Influenced by American civil rights activist and singer Paul Robeson early in his career, his leftist ideas led him to the Indian People's Theatre Association (IPTA). With respect to literary craft he was attached to Jyoti Prasad Agarwala and Bishnu Prasad Rabha, both of whose compositions were rich in revolutionary ideas. Today, he is revered for carrying their legacy forth beyond the Northeast as well.
Nabina Das, author of the recent short-story collection House of the Twining Roses, comments on her love for Hazarika's songs. "The famous Dola, Hey Dola is an anthem for progressive writers, activists, students all over India. For me, particularly, Bhupen-da's lesser known Bangla songs such as Aaj jibon khunje paabi are unique in that they marry Bangla lyrics to the Assamese "Bihu-xuriya", complete with the pepa (horn pipe) tune and effusive claps of the hands."
 
Das reminded me of the forgotten songs of the tea garden tribes. The romances of Jhumur dancers are immortalised in Bhupen-da's songs. Shameli, Loshmi, Sompa and many other women in his songs spoke directly to their lovers and the society in general; even this was radical for its time. Axom Dekhor Baagicare, Jigi Jagi Jau and Jonokpuror Janokiye all throw light on the lives of the hardworking tea garden community; their hopes, disappointments and their irrevocable determination to continue the celebration that is life. As they left their homes and settled in Assam, they also dance to the tunes of Husori, Bihu, Borgeet and Bagrumba. According to Bhupen Da, who explored their part of the story in the making of Assamese identity, they would love to be called "Assamese".
 
"A united world may be a myth, but not the desire for it" elucidated Nabina further, "Especially as a world traveller in his songs, Bhupen Hazarika stands out as a peoples' poet and singer. If one looks at songs like Aji Idor Majhlisot (today, in this Eid gathering) or Romjanore Roja Gol (Ramzan's fast is over), Hazarika's oeuvre acquires a special dimension. Addressing subcontinental minority traditions for him is not a ritual, but a seamless part of his music subtext. Similarly, Hindi movie compositions and much older songs of his are notable for their freshness."
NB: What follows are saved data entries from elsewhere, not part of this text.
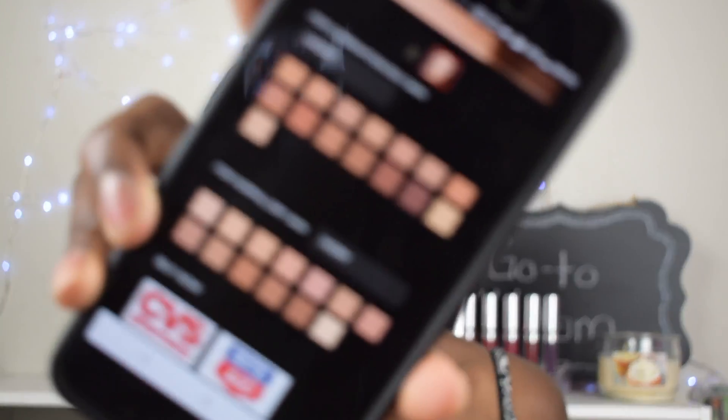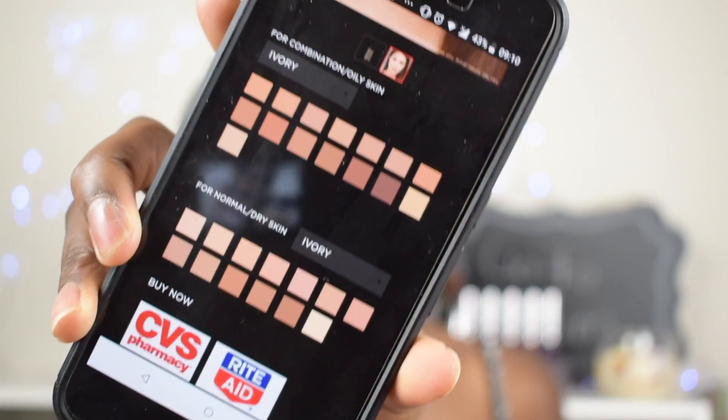The one I'm using has SPF 20. I have an issue with the shade range — they say 35 shades, but they have two formulas: the combination oily and the normal to dry. They're adding all of those together to say 35 shades, but in my opinion they only have 13 for normal to dry and 15 for combination oily. They could expand it because it's mostly pale lighter colors and like one deep shade.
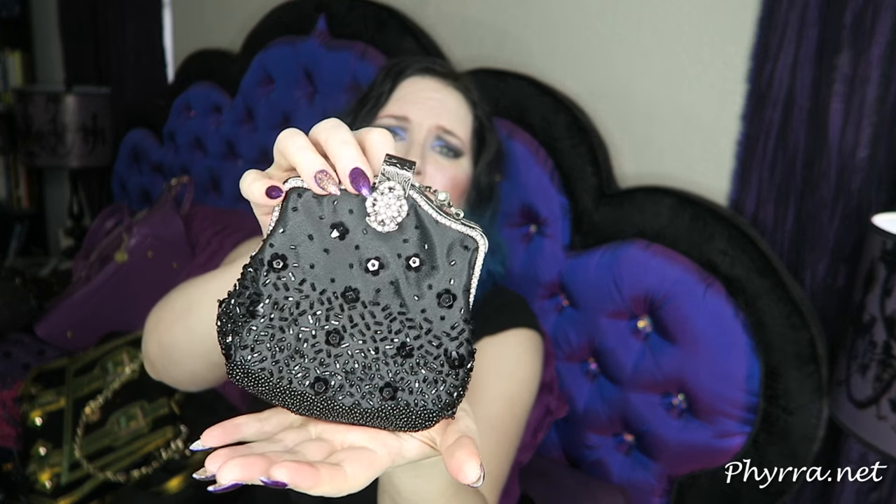This is a really cute little bag by Kate Landry. I bought it for a friend's wedding and it's adorable. I really love the rhinestone detailing and the little black sparkly stuff, but it's so small that I can never hope to fit my cell phone in it. If I can't at least fit my cell phone, I can't carry it. So it's been sitting in my closet doing nothing — it's really cute but I'm going to donate it.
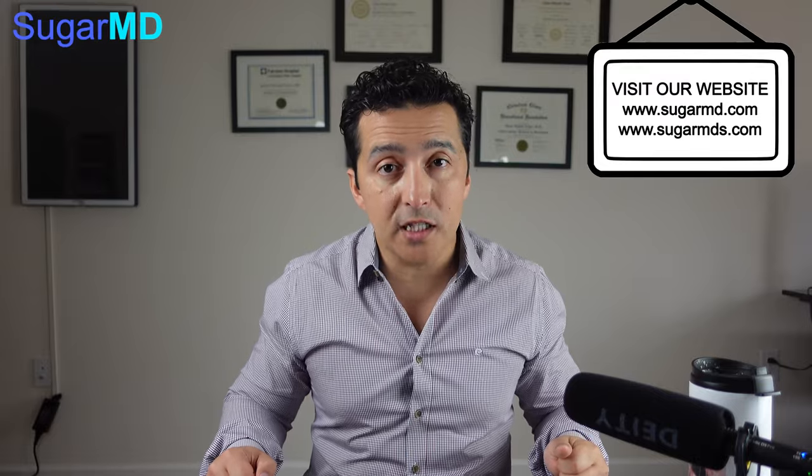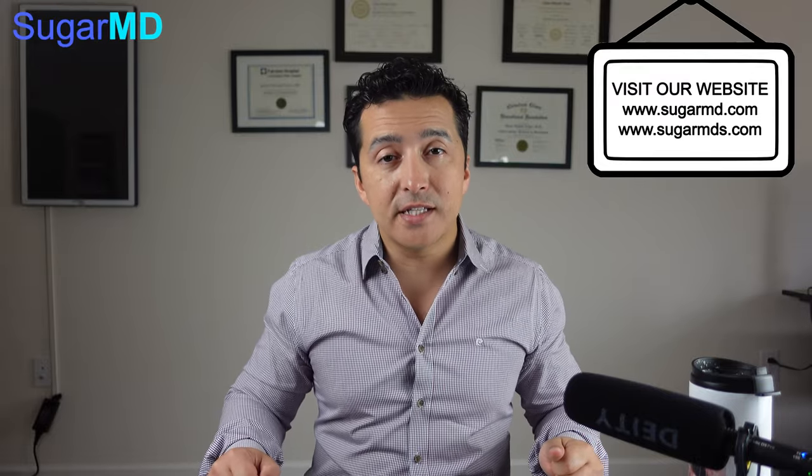What else do chia seeds do? Chia seeds are also great for reducing your triglyceride level and LDL level. Why? Because there's a lot of fiber, and the fiber in your diet binds the cholesterol in your intestinal system. So it's a great addition if you also have a cholesterol problem, which most diabetics do. Having chia seeds incorporated into your daily breakfast routine, or at least a couple of times a week, will be a great addition for your cholesterol management as well.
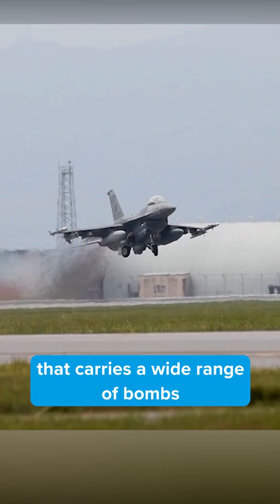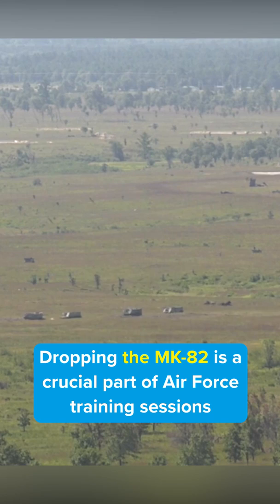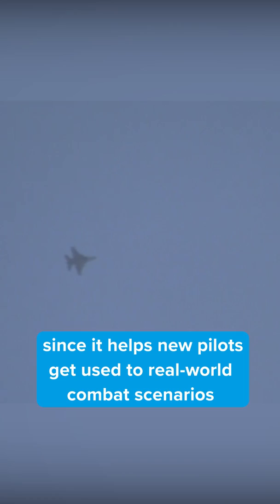The Mark 82 is a 500 pound general purpose bomb, and one of the smallest airdropped weapons currently in service. Dropping the Mark 82 is a crucial part of Air Force training sessions, since it helps new pilots get used to real world combat scenarios in a cost effective way.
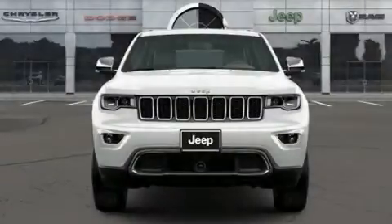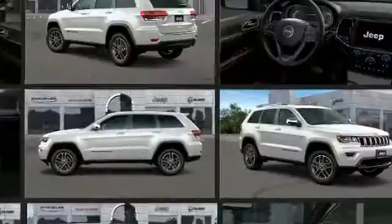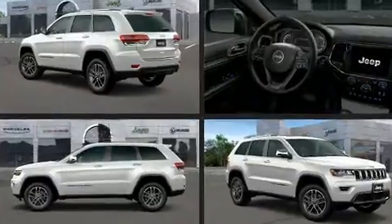Load your family into the 2020 Jeep Grand Cherokee. All of the premium features expected of a Jeep are offered, including front and rear reading lights, a power seat, fully automatic headlights, a heated steering wheel, power and heated door mirrors, a power liftgate, and cruise control.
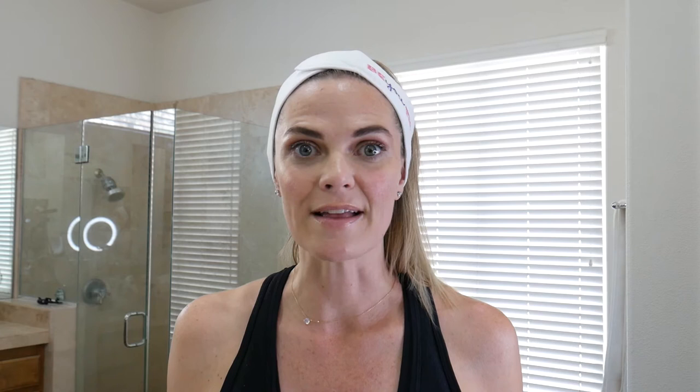I'm going to give you a full tutorial on how to use this device. I actually did it on myself last night, so my skin is feeling super soft today. I have a full face of makeup on, so I'll walk you through my routine of how to prep my skin before using the Naomi device. First, because I have mascara and makeup on, I always do an oil cleanse first. I've been testing a new brand I love called Wilder North — I'm using their chamomile cleanser to gently remove all my makeup.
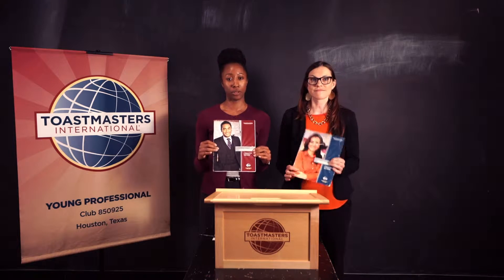When you first join Toastmasters, you'll receive two manuals in the mail. The first is your Competent Communications manual, and the second is your Competent Leadership manual.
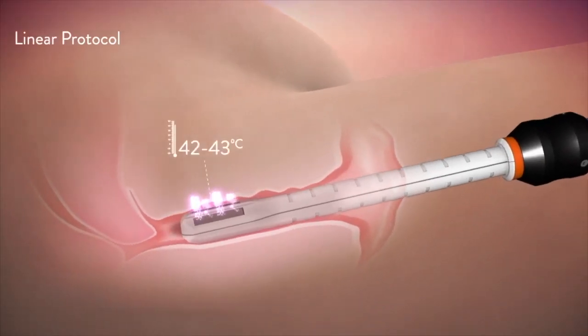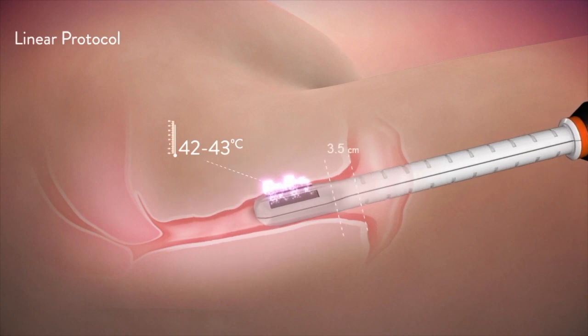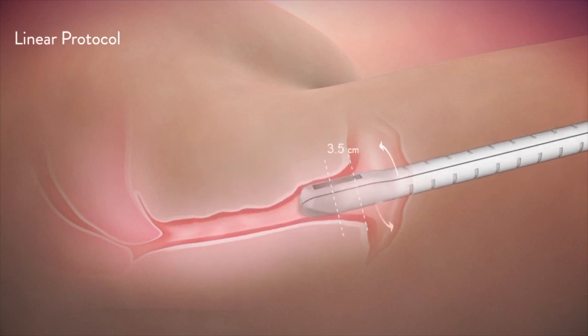The Votiva wand uses radio frequency heat to tighten the pillowy length of the vaginal canal, enhancing not only pelvic function and tone, but also sensation during intercourse.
"Aji Eid majhlisote ekeloge bohise
Aji Eid majhlisote Rahim Chacau bohise
Aji Eid majhlisote Fatema Pehiyu bohise...
Insaaniyat loi mehfilot aamiyu bohusun"
Today in this Eid gathering, they have all come together
Today in this Eid gathering Uncle Rahim too has come
Today in this Eid gathering Aunt Fatema too has come
Let us all gather with humanity, in today's mehfil
 
Sung along with Mohd Rafi, Jasho Bora, Meera Singh and others, this song blends Persian/Arabic elements into the Assamese language, much like the ghazals he had composed, a very famous one being Shamma Thakile Zaroor Zaroor. Aji Eid Majhlisot was featured in a film called Lotighoti in 1966.
 
Today, in honour of his compositions, Tezpur University in Assam funds a Bhupen Hazarika fellowship awarded for full-time research on performing arts of the region, ethnicity and indigenous cultures. Some of his other lesser known-works are his attempts to revive the Debodaxi (Devadasi) dance of Assam, his contribution in consolidating the identity of Goalpora people and Muslims through Lokageet (folk songs) and his work on Azan Fakir's Zikirs (a form of devotional song).
For three years now on every 8 September, I feel the restlessness of Kans grasses ("Kohua Bon") and imagine how Bhupen-da would have reacted to the current atrocities committed against some of the communities he championed. He had, after all, realised this danger many years back when he sang "Manuhe manohor baabe, jodihe okonu nabhabe, bhabibo kunenu kua?", a rather prosaic translation of which would be, "If we don't look out for each other, who will?"
 
I am blessed to have heard from Bhupen-da himself, many years ago in school, "Just as language cannot be defined merely by some syllables...culture doesn't only comprise of songs, dances and moral dictums... culture is a way of life, a vision... (Sanskriti eti jibon drishti)".